Mittwoch, 16. Mai 2007

Junge, Mädchen, Frauen

Man kann ja über das Zeitalter der technischen Reproduzierbarkeit denken was man will, aber ich bin schon ganz froh, dass es die Fotografie gibt. Jetzt mal abgesehen von den unzähligen, hochqualitativen, künstlerisch anspruchsvollen Abbildungen von jungen Menschen in eindeutigen Posen; sie trägt vor allem zur Aufklärung von bestimmten Situationen bei.

Wenn in einer großen, deutschen Zeitschrift für Twens und aufwärts, die sich nach dem zweitleichtesten Edelgas benannt hat, in einer Doppelkolumne die Rede von Frauen ist, die den männlichen Autor anmachen und nach seiner Telefonnummer fragen und darüber ein Foto des besagten Texters abgebildet ist, dann kann man davon ausgehen, dass es sich um Mädchen handelt.

Denn, ganz im Ernst, der abgebildete junge „Mann“ sieht aus, wie die unsportliche Version von Günter Netzer in seiner Zeit bei Mönchengladbach (um ’66).

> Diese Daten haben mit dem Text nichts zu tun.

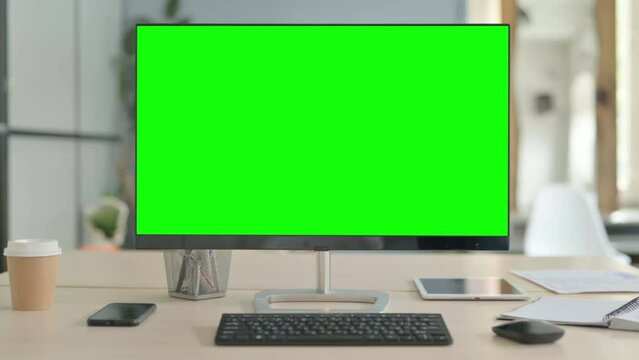 Desktop Computer with Green Screen in Office, Zoom in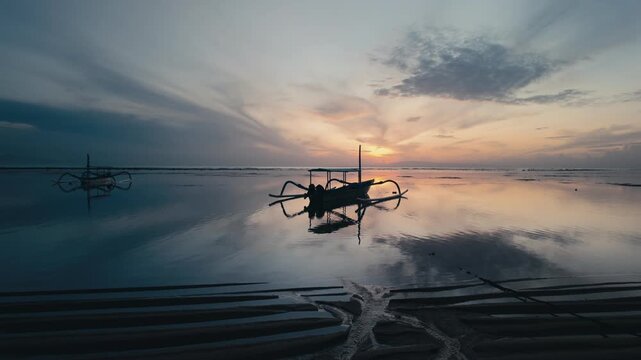 Serene Tropical Beach Landscapes with Traditional Jukung Boats at Sunrise and Sunset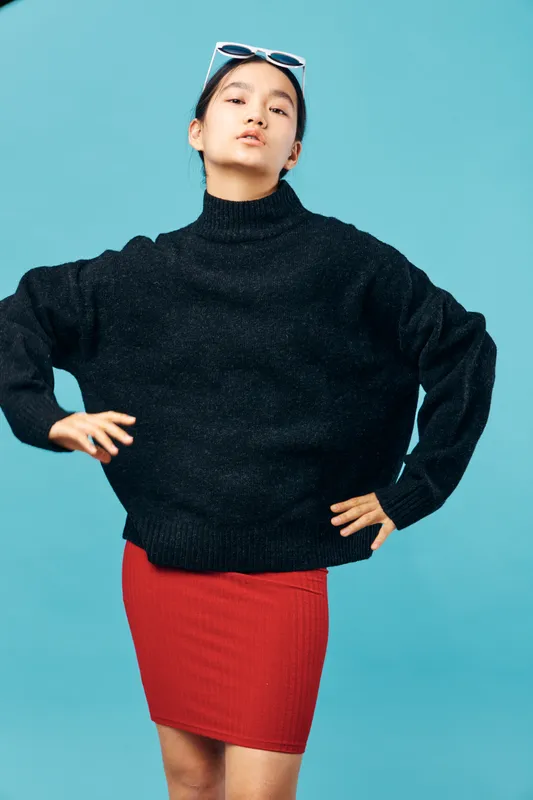 Young woman in black sweater and red skirt posing confidently with hands on hips against blue background, stylish casual fashion portrait with attitude and sunglasses on head.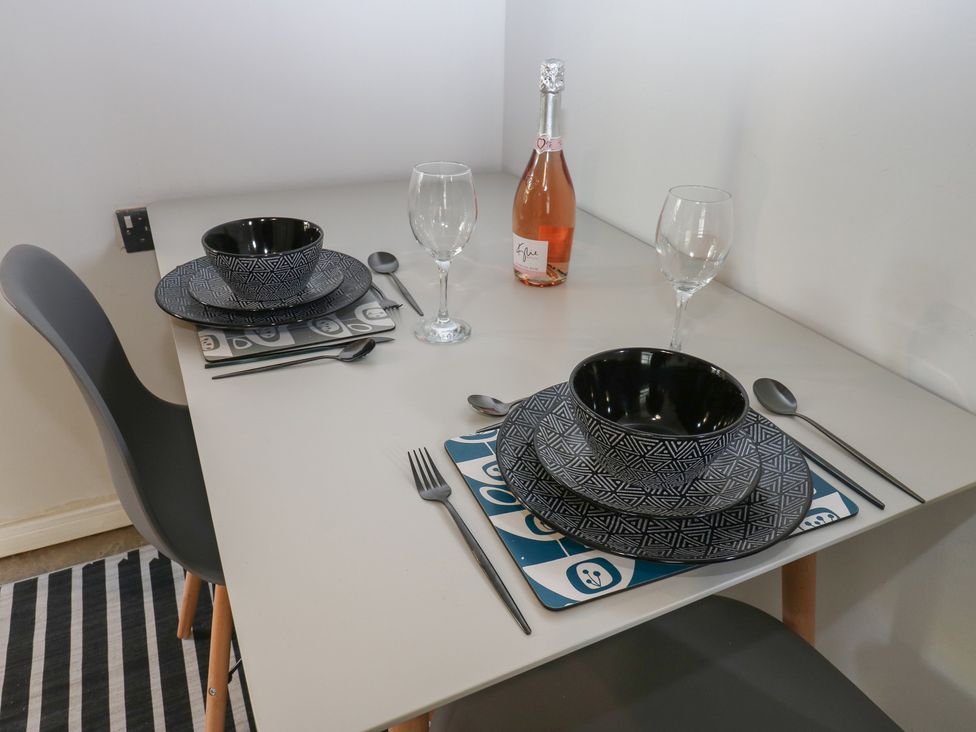 A dining table set with plates and wine at Myrtle Nook in Keighley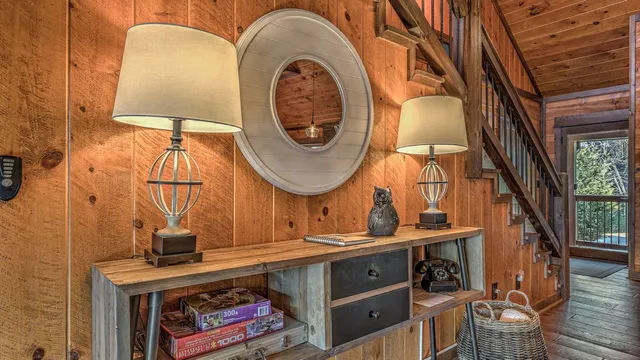 a kitchen with stainless steel appliances granite countertop a refrigerator and wooden cabinets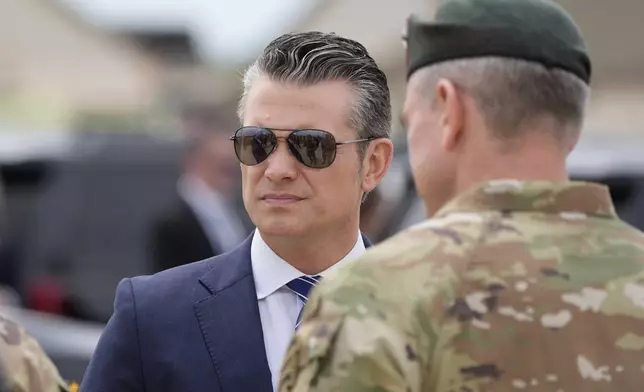 Defense Secretary Pete Hegseth arrives with President Donald Trump at Fort Bragg, Tuesday, June 10, 2025, in Fort Bragg, N.C. (AP Photo/Alex Brandon)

Zwanzigjährige Jungs, die ihre Freundinnen als Frauen bezeichnen, haben ihr entweder ein bis drei Kinder gemacht, ordentlichen Bizeps, einen Bartwuchs wie Salman Rushdie oder einen mächtigen Lümmel in der Hose. Aber kleine Studentinnen, die Xavier Naidoo-Texte mitsingen können, ihr Studium von den lieben Eltern finanziert kriegen oder wissen wie man Schiller richtig zitiert, die sind beim besten Willen keine Frauen.

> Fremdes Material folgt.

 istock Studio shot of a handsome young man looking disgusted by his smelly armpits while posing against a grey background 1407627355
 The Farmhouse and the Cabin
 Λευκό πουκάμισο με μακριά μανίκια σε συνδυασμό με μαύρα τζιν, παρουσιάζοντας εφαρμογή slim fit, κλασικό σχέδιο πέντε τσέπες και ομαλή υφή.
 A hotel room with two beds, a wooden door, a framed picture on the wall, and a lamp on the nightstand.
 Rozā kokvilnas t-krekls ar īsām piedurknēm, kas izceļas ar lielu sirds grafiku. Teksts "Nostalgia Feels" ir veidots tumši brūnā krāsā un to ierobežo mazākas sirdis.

Und das ist auch absolut OK so! Ich mag kleine Studentinnen. Ich habe keinen drei Kindern das Leben geschenkt, mein Bizeps ist nicht der prächtigste und was den Rest angeht: ich habe einen ganz ordentlichen Bartwuchs. Aber der Mann, der seine Telefonnummer an große, hübsche Frauen verteilt, der bin ich vielleicht in den Augen des achtjährigen Kindes, das mit seiner Mama in der Schlange am Bus steht und sie fragt warum der bärtige Kerl sich immer vordrängelt. Sonst bin ich eher der Junge oder der Typ oder einfach „Der“, der sich bei Mädels oder Miezen oder von mir aus „Ladys“ seine Bestätigung holt.

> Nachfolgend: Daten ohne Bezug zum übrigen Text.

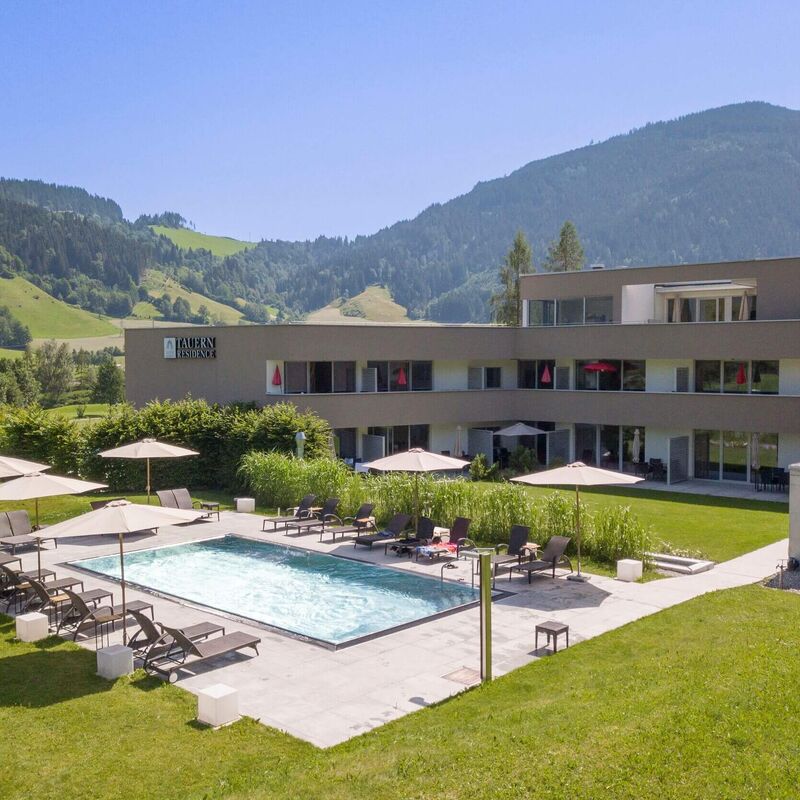 Entspannen am Pool der Tauernresidence Radstadt umgeben von Bergen und Wiesen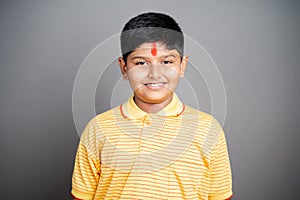 Happy Hindu kid with kumkum Bindi or Tilak on forehead by looking at camera on studio background - concept of smiling and positive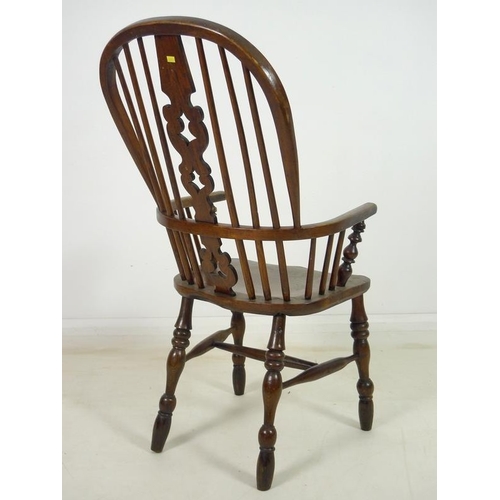 929 - A 19th century ash and elm high back Windsor armchair, with pierced and shaped splat, turned support... 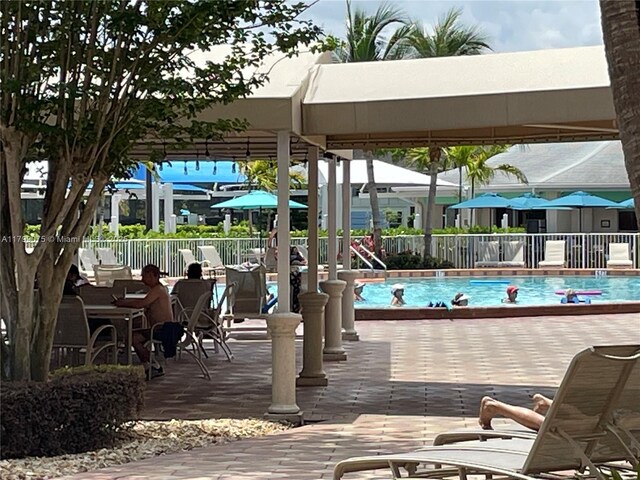 3087 Newport S Unit 3087, Deerfield Beach, FL 33442 - community pool featuring fence and a patio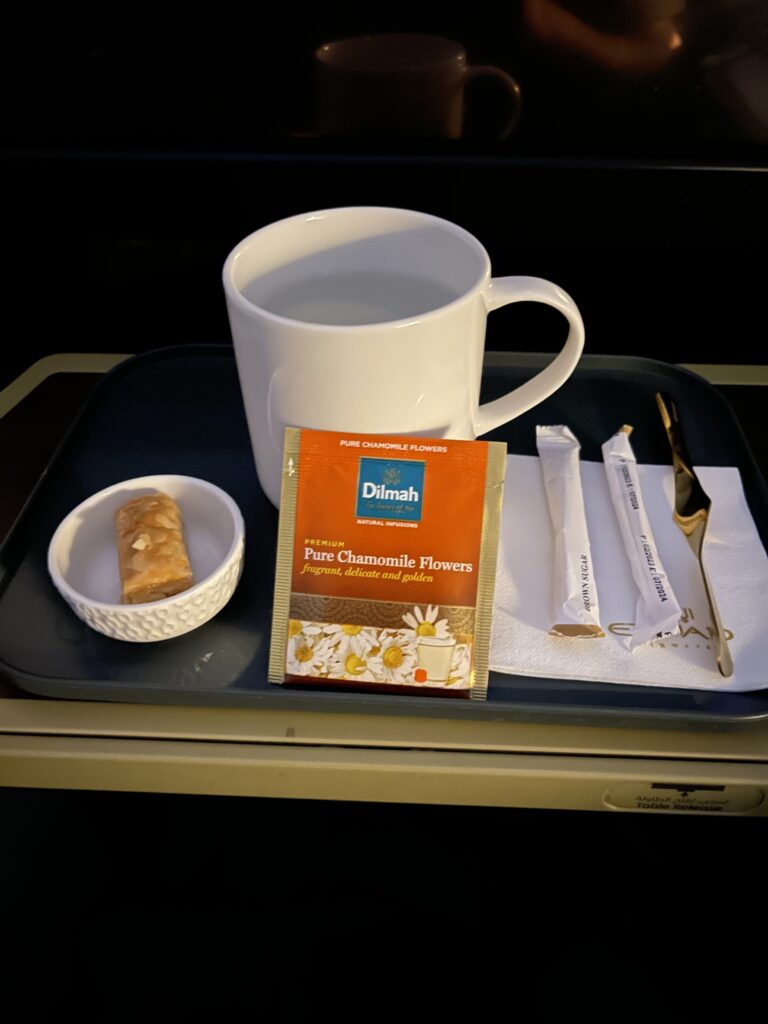 a tray with a cup and a packet of tea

Ergo: Niemals auf dicke Hose schreiben, wenn über dem Artikel ein Portrait zu sehen ist, wie du mit hängenden Schultern in dein T-Shirt gepresst dein Knabengesicht in die Kamera hältst.

3 Kommentare:

Anonym hat gesagt…

Sehr schön geschrieben :D Ich werd mir unbedingt dieses Bild ansehen müssen!!!

Anonym hat gesagt…

das mit dem lümmel würd' ich gerne noch genauer wissen…

lizzz hat gesagt…

Wo ist das Bild von dem? Den will ich kennenlernen. Ernsthaft jetzt: könnte man nicht, in einem nachsichtigen Moment, den Willen des besagten Texters zu einer gewissen beziehungsmäßig angestrebten Ernsthaftigkeit hervorheben? Er nennt seine biersaufenden Erstsemester-Schlampen "Frauen"...das ist doch irgendwie süß. So a la "Ich bin jetzt bereit für was Festes und nenne deshalb meine Mädchen ab jetzt "Frauen". Könnt Ihr mir folgen?

Schlecht allerdings: sich selbst darüber auslassen, wie man Telefonnnummern zugesteckt bekommt. Schlechter Stil, das. Doch nicht kennenlernen.